224 tech changes, part 1

matsomatso Master of PatchesMembers, Forum Moderators, NS2 Developer, Constellation, NS2 Playtester, Squad Five Blue, Squad Five Silver, Squad Five Gold, Reinforced - Shadow, NS2 Community Developer Join Date: 2002-11-05 Member: 7000Posts: 1,554 mod
"You don't have to be insane. But it helps".
About 3 weeks ago, I had finished my last batch of performance improvements and was scanning through the latest playtest performance logs, looking for something to improve. And it was all dross - 0.5% here, another possible 0.3 percent there - so I was looking at spending days at the 0.5% improvement level, twiddling with minor tweaks here and there.

Boring.

So I decided to go insane instead.

Now, that sounds a bit worse than what it actually means - it simply means picking something from my list of "stuff that would be insane to do before 1.0 release". Insane because they would introduce new architectural concepts in the engine, so its hard to figure out just how much it would destabilize everything.

However, there was this thing about movement prediction on the client that had been itching at the back of my head for a long time.

Some background info here ... the Spark Engine samples input before rendering every frame, generating a Move data structure (ie, a "move"). It adds that move to the list of moves-not-yet-part-of-the-latest-server-update, then resets the world back to the latest server update and executes all the moves, using the final state of the world render from.

Each move is quite costly to run, at about 0.5-0.7ms or so, and the length of the queue grows with effective server latency. Typically, you have maybe 100 ms net lag and 100ms interpolation lag for an effective lag of about 200ms. At 50 fps, you are looking at running a minimum of 10 prediction frames every fps (this is the "Prediction" line at the bottom of the net_stats display). If you wanted to run at 100fps, you would need to run 20 prediction frames instead - every frame. Yea, that would be 10-15ms every 10 ms. Kinda hard to do.

And that's the reason why fps goes down with latency. And why fps goes down when the server drops below 20 ticks per second - the queue gets longer.

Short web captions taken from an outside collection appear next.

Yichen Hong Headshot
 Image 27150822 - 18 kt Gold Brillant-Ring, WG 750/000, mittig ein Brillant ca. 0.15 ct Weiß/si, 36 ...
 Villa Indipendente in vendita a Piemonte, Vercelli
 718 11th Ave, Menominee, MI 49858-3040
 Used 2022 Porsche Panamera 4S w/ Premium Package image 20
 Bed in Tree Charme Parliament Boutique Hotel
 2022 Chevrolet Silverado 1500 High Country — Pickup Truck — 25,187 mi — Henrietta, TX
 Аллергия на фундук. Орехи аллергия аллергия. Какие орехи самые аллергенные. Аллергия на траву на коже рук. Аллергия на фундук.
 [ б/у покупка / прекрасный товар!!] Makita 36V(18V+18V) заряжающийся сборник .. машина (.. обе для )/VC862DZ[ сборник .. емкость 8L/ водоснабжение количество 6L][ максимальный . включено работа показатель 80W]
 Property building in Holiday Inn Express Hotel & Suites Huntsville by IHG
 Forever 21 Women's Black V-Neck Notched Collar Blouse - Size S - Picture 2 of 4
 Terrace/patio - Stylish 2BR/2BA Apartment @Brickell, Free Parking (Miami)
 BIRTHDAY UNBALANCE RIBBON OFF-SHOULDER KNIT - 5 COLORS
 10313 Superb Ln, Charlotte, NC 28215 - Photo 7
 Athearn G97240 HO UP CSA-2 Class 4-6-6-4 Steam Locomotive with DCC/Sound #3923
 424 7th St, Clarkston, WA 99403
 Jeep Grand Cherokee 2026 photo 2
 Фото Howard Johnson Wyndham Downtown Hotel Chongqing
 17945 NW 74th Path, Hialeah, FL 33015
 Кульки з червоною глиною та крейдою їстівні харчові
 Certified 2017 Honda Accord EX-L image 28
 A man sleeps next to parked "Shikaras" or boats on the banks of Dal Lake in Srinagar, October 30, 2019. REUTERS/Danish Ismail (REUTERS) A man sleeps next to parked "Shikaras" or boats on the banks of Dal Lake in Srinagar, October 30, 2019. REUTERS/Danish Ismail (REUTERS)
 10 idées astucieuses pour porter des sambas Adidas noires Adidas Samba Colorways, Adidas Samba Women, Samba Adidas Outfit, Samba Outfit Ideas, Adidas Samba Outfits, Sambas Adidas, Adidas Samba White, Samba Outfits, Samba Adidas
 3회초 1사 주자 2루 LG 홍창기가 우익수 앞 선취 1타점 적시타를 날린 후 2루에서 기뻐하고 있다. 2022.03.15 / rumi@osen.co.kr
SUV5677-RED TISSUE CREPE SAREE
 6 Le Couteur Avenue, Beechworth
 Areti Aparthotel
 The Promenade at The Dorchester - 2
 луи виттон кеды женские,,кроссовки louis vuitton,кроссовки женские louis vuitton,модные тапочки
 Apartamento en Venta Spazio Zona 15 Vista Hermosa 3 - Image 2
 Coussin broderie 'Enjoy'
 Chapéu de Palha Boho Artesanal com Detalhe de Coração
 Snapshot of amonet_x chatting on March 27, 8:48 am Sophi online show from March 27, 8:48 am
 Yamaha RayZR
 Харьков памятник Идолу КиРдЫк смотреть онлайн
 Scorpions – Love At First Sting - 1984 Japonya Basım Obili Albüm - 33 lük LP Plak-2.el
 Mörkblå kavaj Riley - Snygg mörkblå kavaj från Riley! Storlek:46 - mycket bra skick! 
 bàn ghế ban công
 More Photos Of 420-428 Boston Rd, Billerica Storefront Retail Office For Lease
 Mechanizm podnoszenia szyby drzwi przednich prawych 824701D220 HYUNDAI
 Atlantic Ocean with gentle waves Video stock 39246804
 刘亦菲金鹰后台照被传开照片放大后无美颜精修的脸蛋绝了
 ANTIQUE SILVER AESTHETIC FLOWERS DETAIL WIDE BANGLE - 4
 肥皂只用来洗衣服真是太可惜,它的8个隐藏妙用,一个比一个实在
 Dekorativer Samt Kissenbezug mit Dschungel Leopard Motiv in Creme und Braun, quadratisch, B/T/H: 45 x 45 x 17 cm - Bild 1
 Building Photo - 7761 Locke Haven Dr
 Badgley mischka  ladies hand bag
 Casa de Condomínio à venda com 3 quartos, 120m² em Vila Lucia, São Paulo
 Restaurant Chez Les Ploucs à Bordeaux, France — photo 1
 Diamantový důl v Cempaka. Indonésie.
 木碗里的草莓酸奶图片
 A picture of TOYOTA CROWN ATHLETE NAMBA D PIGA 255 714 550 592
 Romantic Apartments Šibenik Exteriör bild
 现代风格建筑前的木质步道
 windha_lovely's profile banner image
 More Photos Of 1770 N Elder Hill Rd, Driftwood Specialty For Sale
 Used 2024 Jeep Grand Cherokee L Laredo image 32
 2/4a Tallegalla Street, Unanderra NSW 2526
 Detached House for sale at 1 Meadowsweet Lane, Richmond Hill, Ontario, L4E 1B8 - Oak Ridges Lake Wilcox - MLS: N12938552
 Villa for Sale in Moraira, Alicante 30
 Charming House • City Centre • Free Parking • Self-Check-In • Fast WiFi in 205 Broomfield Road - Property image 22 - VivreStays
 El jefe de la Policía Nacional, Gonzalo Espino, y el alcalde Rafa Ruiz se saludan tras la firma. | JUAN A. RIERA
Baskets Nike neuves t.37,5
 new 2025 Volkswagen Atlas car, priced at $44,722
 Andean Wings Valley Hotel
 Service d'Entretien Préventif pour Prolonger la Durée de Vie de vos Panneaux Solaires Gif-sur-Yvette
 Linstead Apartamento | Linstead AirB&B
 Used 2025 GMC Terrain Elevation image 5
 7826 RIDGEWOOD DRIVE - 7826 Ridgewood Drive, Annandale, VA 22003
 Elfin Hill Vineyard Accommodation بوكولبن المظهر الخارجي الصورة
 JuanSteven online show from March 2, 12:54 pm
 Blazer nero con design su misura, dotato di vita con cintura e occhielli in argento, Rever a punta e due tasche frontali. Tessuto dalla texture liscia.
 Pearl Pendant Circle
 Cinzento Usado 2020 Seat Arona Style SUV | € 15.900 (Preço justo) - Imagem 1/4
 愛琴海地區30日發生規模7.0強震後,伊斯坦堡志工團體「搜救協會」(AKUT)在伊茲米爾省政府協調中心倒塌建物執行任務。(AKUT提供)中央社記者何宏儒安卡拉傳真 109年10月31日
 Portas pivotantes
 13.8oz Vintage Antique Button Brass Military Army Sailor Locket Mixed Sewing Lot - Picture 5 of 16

And why its so hard to increase fps on the client - faster fps means you need to predict more moves, more times.

Now, the client doesn't strictly need to do it this way - it could just take the world it has already predicted to the previous frame, add only the latest move to the world and use it to render right away. Unfortunately, 20 times per second the server sends a new update, and you would need to run all the moves from that in order to get in sync - which would cause 20 frames every second to be MUCH longer than all the other frames, resulting in some really hitchy experience. Not a good thing.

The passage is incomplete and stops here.